Yes; although some may mock our faith and our tendency to turn to God first — and even make games called “Thoughts and prayers” to tease us for it — tracking our thoughts and lifting our hearts to God in prayer is the only way to start.

Let’s listen to the feedback too. If folks tell us that it’s sounds “so profane,” when we say we are offering our “thoughts and prayers,” then we ought to stop communicating with clichés.  Let us turn to God to help us be more creative and compassionate; let’s use our thesaurus for better words. We need to offer our sympathies and kindness, to tell the people of God that we are lamenting, we are mourning, we are sorry.

I find Fr. James Martin’s prayer, “Sad, tired and angry: a prayer in the face of gun violence” especially helpful.

Let us remember though, that prayer is at least half listening to God, to opening our hearts to the Spirit, as Jim McDermott wrote:

But prayer is not just about asking God for stuff, or about me speaking to God. It is more like neighbor kids talking to one another on two cans tied together with string; I talk in one end and hope that God can hear me. But I also listen for what he has to say. God doesn’t just take our dictation. He gets the chance to speak.

Amen, amen. Only God can help us through this mess. Only God can show us the way to peace and provide the strength and grace we need to persevere when we’re overwhelmed. Relying on God and moving forward can be bold. I really like how Sister Susan says it: “prayer is a radical act.”

Education. 

This might include curious, open-minded conversations with those who think differently than you. It can also mean a lot of reading and study, a lot of asking hard questions and pursuing the Truth. (Yes, with a capital T, for Christ.)

Last week, I asked myself a question and came up with a new thought. I often hear people say “guns don’t kill people, people kill people.” I asked myself if that makes sense, if I agree. And, I realized that, although no object can be in itself evil, if it causes death and destruction then we might have a moral responsibility to remove the temptations, to make such an object less accessible. In the same sort of way that drugs kill, guns also kill. We try to make it difficult for people to have drugs, to protect them from harm. Why won’t we do the same with guns?
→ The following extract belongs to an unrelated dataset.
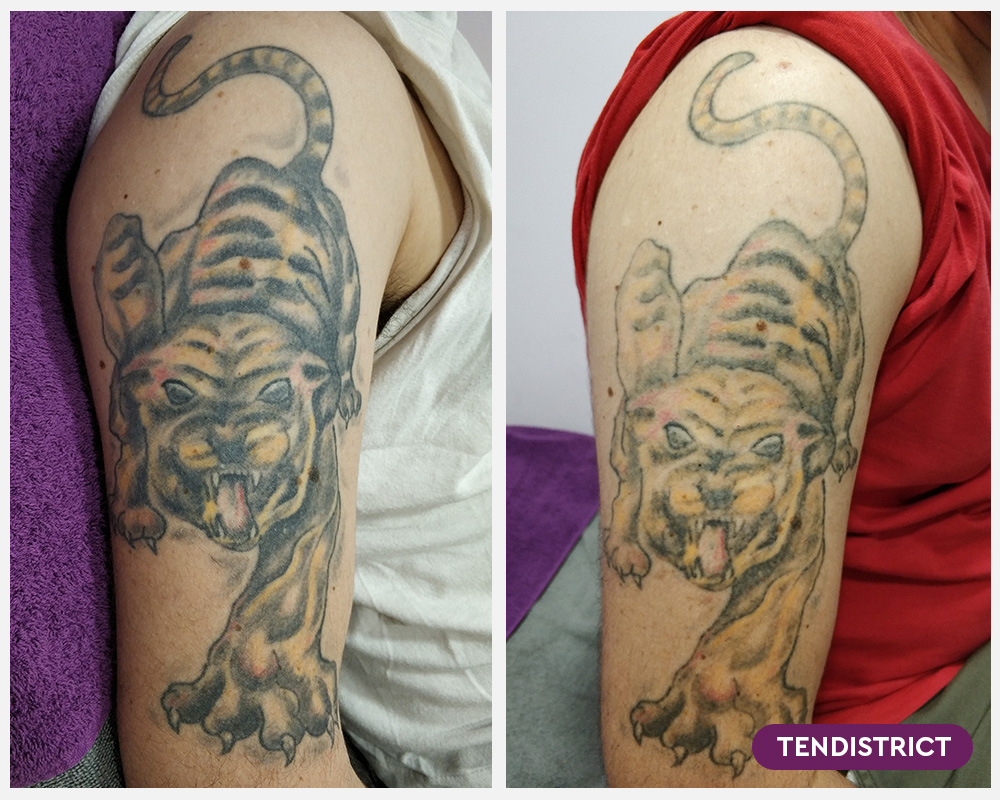 Imagen: Eliminación de tatuajes 1 sesión Foto 3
Obviously, it’s complicated in the United States because of the Second Amendment. But here comes another thing to learn about, in the way that Elizabeth Bruenig asks in her column, “Do we really understand the Second Amendment anymore?”  I’ll admit that I don’t like guns, so it’s hard for me to empathize with those who enjoy collecting them, who believe that they have a right to own them. I sometimes wonder if the Second Amendment is outdated, if it’s a man-made law misused to protect our greed and let us have more stuff.

The other piece of education is seeing the big picture. I encourage you to do your own social analysis of the USA’s unique gun violence problem and consider how we line up with other nations.

Here are some factual summaries that helped me learn:

How bad is US gun violence? These charts show the scale of the problem

When I studied those charts,  I learned that more people have died from gun violence in the USA than in all the wars we have been involved in throughout our history, combined.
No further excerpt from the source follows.